◆ WHAT THIS TASK INVOLVES
Quote exactly, and only, the lines of the material below from the line with "Polvos Compactos - Acido Kojic" through the line with "Fotoshow: SEMA 2008 | Impressionen".

◆ INFORMATION
/---

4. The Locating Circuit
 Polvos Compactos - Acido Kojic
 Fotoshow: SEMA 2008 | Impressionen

\---
/---

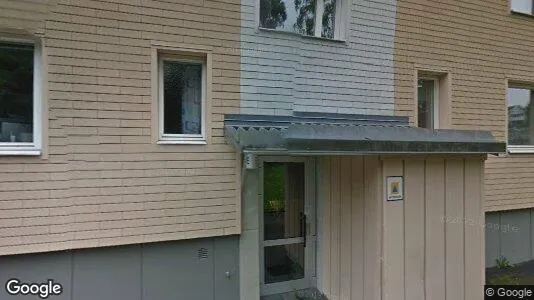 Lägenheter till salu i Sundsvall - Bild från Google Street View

\---

◆ WRITTEN ANSWER
 Polvos Compactos - Acido Kojic
 Fotoshow: SEMA 2008 | Impressionen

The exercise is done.